Now it’s not that I’m not worried about the future at all, but I question just what “standards” we’re struggling to maintain here. Should it be “standard” that we throw away half of our food? Should it be “standard” that our closets are bursting with clothes? Should it be “standard” that on average, we each use 160 gallons of fresh water a day while the rest of the world lives on just 25? Should it be “standard” that though we make up just 5% of the world’s population, we use a fourth of its fuel? I’d love to hear a politician stand up and say, “Our standards, by and large, are ridiculous!” Because if we don’t get wise about our standard of living, we certainly will suffer.

Jesus teaches us to pray, simply, “Give us this day our daily bread.” That’s a standard of living we’re praying for…

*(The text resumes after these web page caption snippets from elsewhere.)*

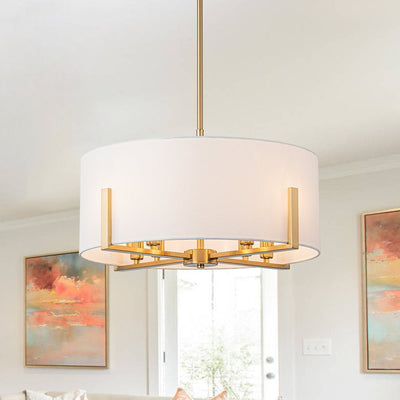 Mid-Century 8-Light Drum Semi-Flush Mount Pendant Chandelier - Black/Brass Finish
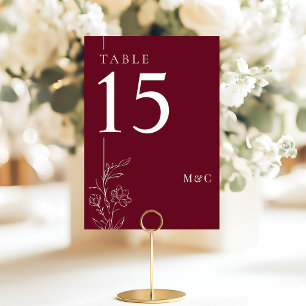 Numeração De Mesa Linha Arte Floral Moderno Burgundy Casamento Elega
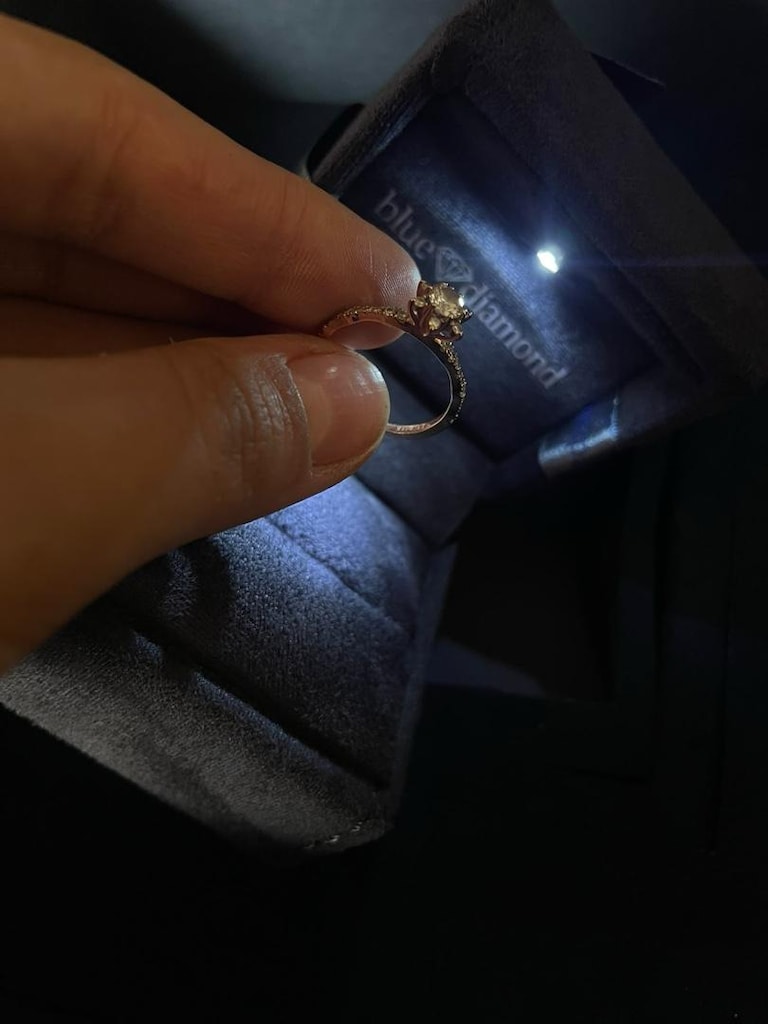 Bluediamond 12 Numara 0.50 karat Lotus yüzük. - 4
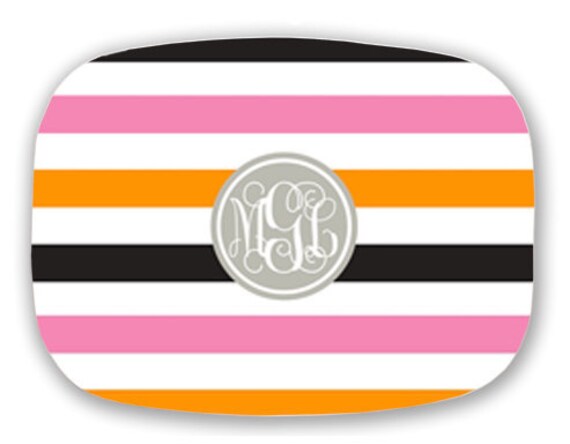 Personalized Melamine Platter Multi stripe with script mono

Give us this day that which we need today.
Provide us today, God, with the food, the energy, the things that are necessary.
Give us this day our daily bread.
Give us not heaped-up stores for days and days come.
Give us not the false promise that nothing will go wrong.
Give us not more than we could possibly use.
Give us not sinfully more than we need.
Just our daily bread, God—that will be enough.

Enough. Sometimes “enough” can be a hard concept to pin down. So I’d like to issue a prayerful invitation for you today. I’d like for you to take a moment, right now, to think of a few things that sustain you each day. Just three or four things. Maybe five. These are the things that sustain you as a person each and every day. Food. Work. A place to live. Of course, we’re sustained by much more that food and shelter. Maybe other things are coming to mind for you. What sustains you each day? Family? Church family? Friends?

Another way of thinking about what sustains you is thinking about what you can’t imagine living without. People. Connections. Sources of love, hope, strength. When you get a chance, jot down those things—write down those three or four or seven things that sustain you each and every day. And then each morning from now until you start forgetting, I’d like to invite you to pray this prayer:

“Give me today my daily bread. In other words, God, help me receive as a gift that which sustains me. My family—help me receive it as a gift. My church—help me embrace it as a gift. My spouse, my children, my friends—help me receive them as gifts in my life, my daily bread that sustains me. My faith, my hope, my God—help me receive you as a gift each day that I live. Even my food—my literal daily bread—help me receive it as a daily gift that sustains me. God, give me today my daily bread. Help me be satisfied in that which will sustain me today. Help me not to worry about the bread I don’t have yet. Help me trust that you hold my entire life in your care. And while I’m praying for my daily bread, God, let me reach out to those who are not sustained in your world—those who go without food, without shelter, without love. May my daily bread give me strength to care for myself and for others, so that perhaps a part of your kingdom might come.”

In his letter to the Corinthians, Paul reflects on Jesus sharing daily bread with his followers, and asks, “The bread that we break, is it not a sharing in the body of Christ?” And then he makes this wonderful claim: “Because there is one bread, we who are many are one body, for we all partake of the one bread.”

Today we join sisters and brothers all over the world. All of us, coming together at the communion table, and in our bread-breaking, we declare an impossible and yet amazing truth—that we are one in Christ. One body of Christ, spread all over Wisconsin and North America and China and Pakistan…

In our bread-breaking today, and in our communion, let us be mindful of our global family of faith, and in so doing, let us be thankful for that which sustains us, mindful of that which we need, and generous with the rest. Amen.